Your reply should contain only the line with "Orenburg, Russia - 26.03.2016: Girl" and the lines after it through the end of the data, each written out exactly.

WORKING DATA —
——

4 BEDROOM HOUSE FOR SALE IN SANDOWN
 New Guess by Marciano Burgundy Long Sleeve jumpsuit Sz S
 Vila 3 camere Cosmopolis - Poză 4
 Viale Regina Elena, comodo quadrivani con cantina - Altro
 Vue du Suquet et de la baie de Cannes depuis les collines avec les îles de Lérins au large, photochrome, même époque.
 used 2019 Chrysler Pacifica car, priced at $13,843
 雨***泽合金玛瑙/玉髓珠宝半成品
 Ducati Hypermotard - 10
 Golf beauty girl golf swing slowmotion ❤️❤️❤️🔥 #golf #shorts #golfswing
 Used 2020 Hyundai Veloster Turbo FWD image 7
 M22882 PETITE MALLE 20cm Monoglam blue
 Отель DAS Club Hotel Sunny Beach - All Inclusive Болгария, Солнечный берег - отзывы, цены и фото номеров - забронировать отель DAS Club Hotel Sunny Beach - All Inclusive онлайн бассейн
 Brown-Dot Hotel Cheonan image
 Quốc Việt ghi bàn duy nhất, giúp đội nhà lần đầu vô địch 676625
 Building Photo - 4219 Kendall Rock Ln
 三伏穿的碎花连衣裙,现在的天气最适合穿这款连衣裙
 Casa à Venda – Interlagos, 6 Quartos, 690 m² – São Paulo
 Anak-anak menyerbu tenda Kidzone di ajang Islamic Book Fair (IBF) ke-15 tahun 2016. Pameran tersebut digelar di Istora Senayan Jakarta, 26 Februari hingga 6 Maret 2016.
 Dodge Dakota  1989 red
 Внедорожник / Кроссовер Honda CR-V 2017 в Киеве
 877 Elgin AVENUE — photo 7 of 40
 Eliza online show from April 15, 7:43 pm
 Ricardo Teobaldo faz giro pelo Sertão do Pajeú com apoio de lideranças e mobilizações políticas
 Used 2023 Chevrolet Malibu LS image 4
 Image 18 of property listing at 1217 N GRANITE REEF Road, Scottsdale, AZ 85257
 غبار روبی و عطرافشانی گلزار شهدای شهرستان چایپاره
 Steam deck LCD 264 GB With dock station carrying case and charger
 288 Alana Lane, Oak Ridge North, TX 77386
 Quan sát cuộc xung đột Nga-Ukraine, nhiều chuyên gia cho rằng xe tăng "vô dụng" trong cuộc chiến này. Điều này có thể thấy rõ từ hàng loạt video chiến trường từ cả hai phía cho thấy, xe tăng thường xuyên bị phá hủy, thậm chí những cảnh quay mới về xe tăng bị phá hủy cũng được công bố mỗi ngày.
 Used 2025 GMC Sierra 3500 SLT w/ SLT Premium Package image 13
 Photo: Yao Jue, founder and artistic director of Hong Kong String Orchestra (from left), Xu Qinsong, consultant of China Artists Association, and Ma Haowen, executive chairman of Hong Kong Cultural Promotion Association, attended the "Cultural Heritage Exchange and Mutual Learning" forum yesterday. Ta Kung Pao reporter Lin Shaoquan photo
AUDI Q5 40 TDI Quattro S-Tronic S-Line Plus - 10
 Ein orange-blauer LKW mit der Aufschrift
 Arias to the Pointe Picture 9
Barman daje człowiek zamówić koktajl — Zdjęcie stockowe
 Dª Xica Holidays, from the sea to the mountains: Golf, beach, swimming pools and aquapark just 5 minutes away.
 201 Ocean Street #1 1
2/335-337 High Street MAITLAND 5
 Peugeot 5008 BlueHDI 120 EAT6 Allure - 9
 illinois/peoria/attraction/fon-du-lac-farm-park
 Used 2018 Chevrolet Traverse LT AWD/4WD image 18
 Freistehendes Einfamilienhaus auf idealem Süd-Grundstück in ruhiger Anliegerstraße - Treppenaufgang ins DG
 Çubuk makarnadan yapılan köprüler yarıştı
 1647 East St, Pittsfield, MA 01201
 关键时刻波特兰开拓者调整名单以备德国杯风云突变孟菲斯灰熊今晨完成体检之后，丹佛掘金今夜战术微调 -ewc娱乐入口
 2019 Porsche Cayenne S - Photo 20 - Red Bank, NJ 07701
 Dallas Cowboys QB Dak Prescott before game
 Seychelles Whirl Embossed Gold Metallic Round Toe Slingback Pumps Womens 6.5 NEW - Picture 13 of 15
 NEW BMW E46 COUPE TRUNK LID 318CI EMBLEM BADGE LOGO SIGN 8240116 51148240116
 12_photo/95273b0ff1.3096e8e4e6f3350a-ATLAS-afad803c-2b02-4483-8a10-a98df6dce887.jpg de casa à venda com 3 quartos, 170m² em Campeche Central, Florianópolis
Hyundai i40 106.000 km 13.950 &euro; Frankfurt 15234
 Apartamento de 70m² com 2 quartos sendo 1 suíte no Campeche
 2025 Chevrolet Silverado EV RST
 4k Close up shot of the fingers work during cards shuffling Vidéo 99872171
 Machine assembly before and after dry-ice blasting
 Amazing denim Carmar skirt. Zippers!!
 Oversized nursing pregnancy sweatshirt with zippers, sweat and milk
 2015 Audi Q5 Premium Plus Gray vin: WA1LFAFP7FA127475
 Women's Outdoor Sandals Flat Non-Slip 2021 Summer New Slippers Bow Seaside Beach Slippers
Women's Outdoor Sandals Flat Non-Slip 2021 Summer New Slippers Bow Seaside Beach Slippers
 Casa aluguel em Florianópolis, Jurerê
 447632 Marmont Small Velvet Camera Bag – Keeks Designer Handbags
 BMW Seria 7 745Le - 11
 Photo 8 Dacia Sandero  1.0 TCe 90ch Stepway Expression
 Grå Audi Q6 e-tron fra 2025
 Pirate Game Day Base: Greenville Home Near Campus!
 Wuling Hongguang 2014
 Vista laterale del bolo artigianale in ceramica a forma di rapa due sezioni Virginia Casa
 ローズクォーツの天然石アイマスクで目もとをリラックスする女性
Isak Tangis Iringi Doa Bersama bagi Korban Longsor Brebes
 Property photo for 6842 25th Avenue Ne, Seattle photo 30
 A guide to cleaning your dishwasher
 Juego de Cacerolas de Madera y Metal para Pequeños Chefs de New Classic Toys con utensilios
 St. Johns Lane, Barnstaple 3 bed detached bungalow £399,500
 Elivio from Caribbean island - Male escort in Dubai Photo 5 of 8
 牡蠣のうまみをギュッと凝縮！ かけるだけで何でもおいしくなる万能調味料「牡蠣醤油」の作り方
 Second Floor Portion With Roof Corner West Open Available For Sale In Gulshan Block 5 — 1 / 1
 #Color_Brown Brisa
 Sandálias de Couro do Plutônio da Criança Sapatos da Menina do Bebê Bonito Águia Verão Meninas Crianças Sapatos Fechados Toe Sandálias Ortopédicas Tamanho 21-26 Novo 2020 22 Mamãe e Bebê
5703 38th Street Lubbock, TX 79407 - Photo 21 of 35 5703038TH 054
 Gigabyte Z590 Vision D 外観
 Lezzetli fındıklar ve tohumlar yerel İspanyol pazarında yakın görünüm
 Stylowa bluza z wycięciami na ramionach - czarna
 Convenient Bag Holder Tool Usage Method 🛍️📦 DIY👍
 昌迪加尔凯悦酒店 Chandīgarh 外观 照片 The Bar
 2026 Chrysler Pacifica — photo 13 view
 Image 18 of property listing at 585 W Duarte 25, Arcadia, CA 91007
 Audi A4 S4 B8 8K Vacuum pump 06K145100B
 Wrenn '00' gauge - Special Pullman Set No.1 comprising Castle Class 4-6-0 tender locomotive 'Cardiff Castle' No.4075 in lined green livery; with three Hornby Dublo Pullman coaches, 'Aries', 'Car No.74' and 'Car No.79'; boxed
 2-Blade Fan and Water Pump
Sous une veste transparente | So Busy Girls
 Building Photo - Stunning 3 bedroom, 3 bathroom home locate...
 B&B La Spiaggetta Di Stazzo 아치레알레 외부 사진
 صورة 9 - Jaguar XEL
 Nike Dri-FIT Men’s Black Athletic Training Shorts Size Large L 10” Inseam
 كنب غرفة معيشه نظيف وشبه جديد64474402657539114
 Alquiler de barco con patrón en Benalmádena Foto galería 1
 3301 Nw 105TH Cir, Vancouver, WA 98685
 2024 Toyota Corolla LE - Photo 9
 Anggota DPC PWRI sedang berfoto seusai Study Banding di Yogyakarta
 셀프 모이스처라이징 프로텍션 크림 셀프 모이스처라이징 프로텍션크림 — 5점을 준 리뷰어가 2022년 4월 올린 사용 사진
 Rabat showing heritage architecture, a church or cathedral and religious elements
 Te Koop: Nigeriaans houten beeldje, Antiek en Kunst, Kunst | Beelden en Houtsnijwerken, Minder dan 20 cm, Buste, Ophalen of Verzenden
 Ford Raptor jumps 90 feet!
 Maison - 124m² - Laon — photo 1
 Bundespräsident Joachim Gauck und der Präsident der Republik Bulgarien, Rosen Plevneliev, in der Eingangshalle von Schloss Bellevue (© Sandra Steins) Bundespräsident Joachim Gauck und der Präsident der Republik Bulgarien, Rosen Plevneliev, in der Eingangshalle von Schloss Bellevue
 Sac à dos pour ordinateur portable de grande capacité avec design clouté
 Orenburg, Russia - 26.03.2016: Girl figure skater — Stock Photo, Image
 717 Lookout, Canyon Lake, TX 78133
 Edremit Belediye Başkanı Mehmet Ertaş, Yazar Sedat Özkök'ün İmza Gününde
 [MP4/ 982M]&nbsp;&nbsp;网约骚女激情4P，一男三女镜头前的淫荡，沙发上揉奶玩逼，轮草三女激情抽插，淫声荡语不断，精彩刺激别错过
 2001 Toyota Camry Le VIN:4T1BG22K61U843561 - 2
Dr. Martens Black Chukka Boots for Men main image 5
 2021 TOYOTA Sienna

——

RESPONSE TO THIS TASK —
 Orenburg, Russia - 26.03.2016: Girl figure skater — Stock Photo, Image
 717 Lookout, Canyon Lake, TX 78133
 Edremit Belediye Başkanı Mehmet Ertaş, Yazar Sedat Özkök'ün İmza Gününde
 [MP4/ 982M]&nbsp;&nbsp;网约骚女激情4P，一男三女镜头前的淫荡，沙发上揉奶玩逼，轮草三女激情抽插，淫声荡语不断，精彩刺激别错过
 2001 Toyota Camry Le VIN:4T1BG22K61U843561 - 2
Dr. Martens Black Chukka Boots for Men main image 5
 2021 TOYOTA Sienna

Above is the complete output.